Yes, New Mexico has charter schools (98 of them, with 25,000 students). The legislature even just handed them piles of money for building. That hasn't fixed things. Open enrollment--they have that in some locations. New Mexico has no state subsidies for private choice, though some folks would sure like them.
What New Mexico has is a clear directive to get adequate funding its schools, even if that means wealthier residents have to pay taxes to educate Those Peoples' Children, and no apparent political will or interest in actually getting the job done.

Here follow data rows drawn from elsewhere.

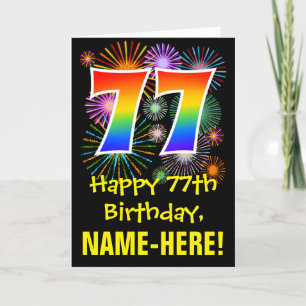 77e verjaardag: Fun Fireworks Pattern + Rainbow 77 Kaart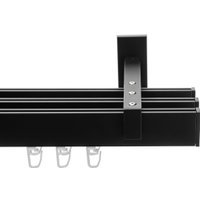 Карниз для штор Sundays Home Флэт Лайн Изи тройной (составной, заглушка, черный матовый, 3.2м)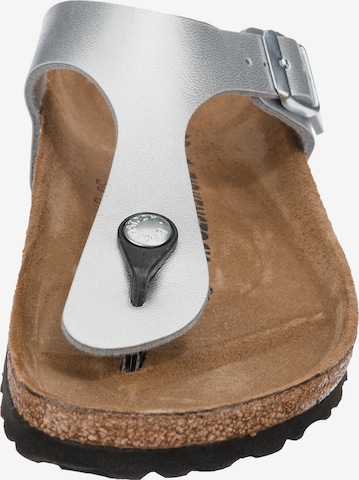 BIRKENSTOCK T-Bar Sandals 'Gizeh' in Silver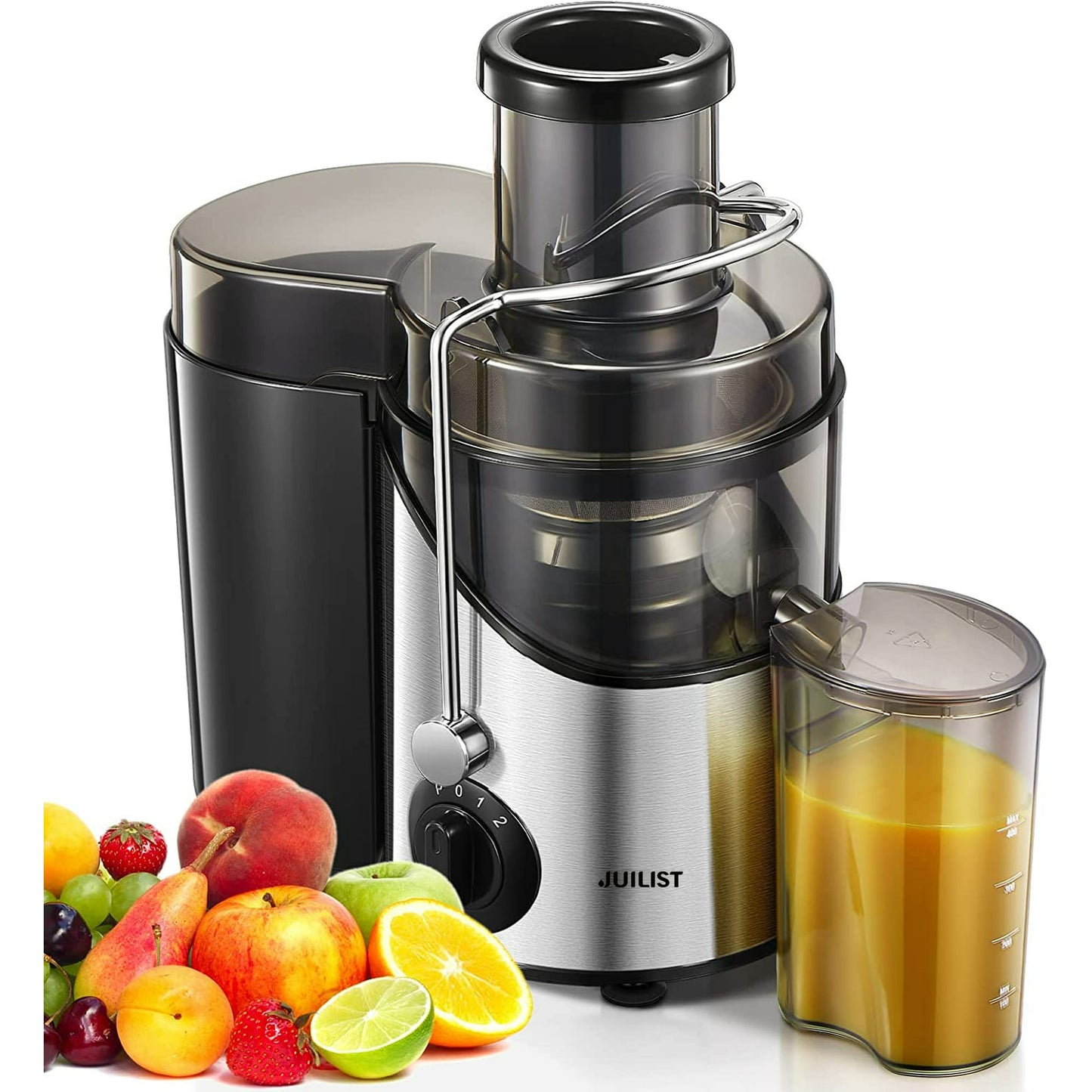 Juicer Machine Easy to Clean, 3" Feed Chute for Whole Fruit and Vegetable, Brush, Black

And really--if this were something the state's leaders cared about, simply knowing that they were at the bottom of the barrel in most educational indicators would have been more motivational than some court directive. And now Yazzie/Martinez is approaching its tenth birthday with no end in sight.
New Mexico's issue is the same issue as Pennsylvania, Ohio, New Jersey, etc etc etc. If state leaders don't feel particularly compelled to treat education as an important priority, can a court order really change that? I'm reminded of Rick Hess's insight, from another context, that you can use rules and regulations and, I suppose, court orders, to compel people to do something--but you can't make them do it well. Particularly if they don't want to.
After all, there's nothing to keep legislators from making quality, well-resourced public education for all students a major priority and crafting budgets that reflect that priority. Any legislature could do it any time they wanted to, and they wouldn't even have to wait for a court order.